連載特集 全8回「旅するギタリスト」村治 佳織さんの音楽とめぐる情熱のスペイン

インタビューに答える村治佳織さん

#ギターと私、ときどき旅

Muraji Kaori

治 佳織

profile

世界的クラシック・ギタリスト。10歳から日本ギター界の第一人者・福田進一氏に師事し、15歳でCD デビュー。高校卒業後、フランス・パリへの音楽留学を経て、ソロ活動を開始した。2025年にゲーム音楽に向き合った新境地のニューアルバム「エターナル・ファンタジー」をリリース。各地で意欲的にリサイタルを開催しつつ、CM、テレビなど各メディアでも幅広く活躍している。

国内はもとより海外での演奏経験が豊富なうえ、
プライベートでも旅好きだという村治佳織さん。
中でも、特別な思い入れがあるスペイン各都市の思い出を
語っていただきます。

スペイン代表サッカーチームの優勝パレードに集まる人々
▲スペイン代表サッカーチームの
優勝パレードにて。

敬愛する作曲家との絆が息づく 村治佳織の第二の故郷

そもそも現代のクラシック・ギターはスペイン発祥で、今も伝統芸能であるフラメンコに欠かせない楽器としても知られています。
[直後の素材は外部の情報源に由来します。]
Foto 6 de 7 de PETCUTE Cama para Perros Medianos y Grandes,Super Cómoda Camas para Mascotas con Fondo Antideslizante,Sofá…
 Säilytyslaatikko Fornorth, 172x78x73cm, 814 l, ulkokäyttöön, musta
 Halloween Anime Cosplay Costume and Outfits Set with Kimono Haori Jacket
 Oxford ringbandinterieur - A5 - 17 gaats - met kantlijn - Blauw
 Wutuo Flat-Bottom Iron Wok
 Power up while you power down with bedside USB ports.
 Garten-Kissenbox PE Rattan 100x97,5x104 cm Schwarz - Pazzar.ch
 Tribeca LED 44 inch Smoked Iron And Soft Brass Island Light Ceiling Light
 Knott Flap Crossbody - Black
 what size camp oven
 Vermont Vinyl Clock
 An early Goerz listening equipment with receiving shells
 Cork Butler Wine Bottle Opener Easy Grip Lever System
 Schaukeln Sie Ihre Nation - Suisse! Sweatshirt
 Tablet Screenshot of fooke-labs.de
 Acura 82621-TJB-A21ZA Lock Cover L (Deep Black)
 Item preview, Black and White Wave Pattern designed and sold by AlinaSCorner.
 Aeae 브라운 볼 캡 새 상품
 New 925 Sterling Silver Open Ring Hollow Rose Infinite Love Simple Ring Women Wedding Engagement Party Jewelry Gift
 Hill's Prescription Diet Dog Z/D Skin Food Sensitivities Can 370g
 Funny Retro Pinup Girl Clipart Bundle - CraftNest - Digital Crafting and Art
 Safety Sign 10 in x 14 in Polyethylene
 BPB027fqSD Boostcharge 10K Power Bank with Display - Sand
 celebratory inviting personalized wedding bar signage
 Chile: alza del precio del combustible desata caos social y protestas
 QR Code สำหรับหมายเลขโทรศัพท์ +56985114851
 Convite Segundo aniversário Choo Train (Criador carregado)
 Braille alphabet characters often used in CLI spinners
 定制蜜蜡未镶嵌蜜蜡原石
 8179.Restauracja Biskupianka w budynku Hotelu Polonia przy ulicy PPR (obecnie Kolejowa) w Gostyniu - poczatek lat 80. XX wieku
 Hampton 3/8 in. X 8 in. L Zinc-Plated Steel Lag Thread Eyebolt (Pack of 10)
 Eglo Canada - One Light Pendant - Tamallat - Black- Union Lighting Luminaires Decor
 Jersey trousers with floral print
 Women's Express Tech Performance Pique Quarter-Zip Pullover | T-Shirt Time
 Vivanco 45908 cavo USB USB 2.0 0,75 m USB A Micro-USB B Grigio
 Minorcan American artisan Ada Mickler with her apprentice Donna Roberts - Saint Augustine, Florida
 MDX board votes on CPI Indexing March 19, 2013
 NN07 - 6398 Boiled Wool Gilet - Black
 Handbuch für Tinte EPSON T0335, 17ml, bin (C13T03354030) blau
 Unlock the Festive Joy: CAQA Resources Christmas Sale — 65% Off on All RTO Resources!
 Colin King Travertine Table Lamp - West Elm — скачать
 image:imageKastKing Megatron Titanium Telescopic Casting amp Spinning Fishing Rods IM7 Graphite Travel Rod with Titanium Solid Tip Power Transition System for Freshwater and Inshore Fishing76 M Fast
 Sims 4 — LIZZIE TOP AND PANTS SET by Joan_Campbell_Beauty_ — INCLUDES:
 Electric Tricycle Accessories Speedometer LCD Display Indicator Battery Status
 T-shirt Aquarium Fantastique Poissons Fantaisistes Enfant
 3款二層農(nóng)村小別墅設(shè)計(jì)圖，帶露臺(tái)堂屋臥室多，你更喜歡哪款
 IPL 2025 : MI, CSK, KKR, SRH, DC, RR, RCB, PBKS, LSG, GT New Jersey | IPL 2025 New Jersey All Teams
村治さんが深くスペインとつながるきっかけとなったのが、この国の作曲家ホアキン・ロドリーゴさんの曲だったそう。「小学校高学年の時、その憂いのある旋律に惹かれ、スペインの歴史や文化などを通じて曲のイメージを膨らませました」

中学生の時、コンクールでロドリーゴさんの曲を演奏して優勝。パリ留学前にはロドリーゴさんの作品集である自身4枚目のアルバム『パストラル』をリリースしました。「それまで、周りの大人の意見に従って一生懸命弾くことで精いっぱいだった私が、自分の思いや考えをより強く込めることができたのがこのアルバムです。

柱の陰から顔をのぞかせる村治佳織さん

ロドリーゴ氏のご自宅でギターを演奏する村治佳織さん
▲ロドリーゴ氏のご自宅にて。

物心つく前から私にとっては身近だったクラシック・ギターが、同級生や周囲の人には必ずしも馴染み深いものではないと感じ、『もっと知ってほしい、大好きなロドリーゴさんの曲をいろんな人に聞いてもらいたい』という思いで選曲・録音しました」このアルバムが結んだ縁でスペインを訪れてから20年以上。村治さんは、スペイン各地で多くの時間を過ごしてきました。「私はいわゆる"チャキチャキ"の東京・下町育ち。若い頃から、音楽留学で訪れたパリの鼻濁音が特徴的な柔らかいフランス語の響きより、タンタンタン! という小気味よいスペイン語のリズムのほうが性に合っていると感じていました」音楽家ならでは感性で、今では第二の故郷となったスペインとの相性のよさも感じているそうです。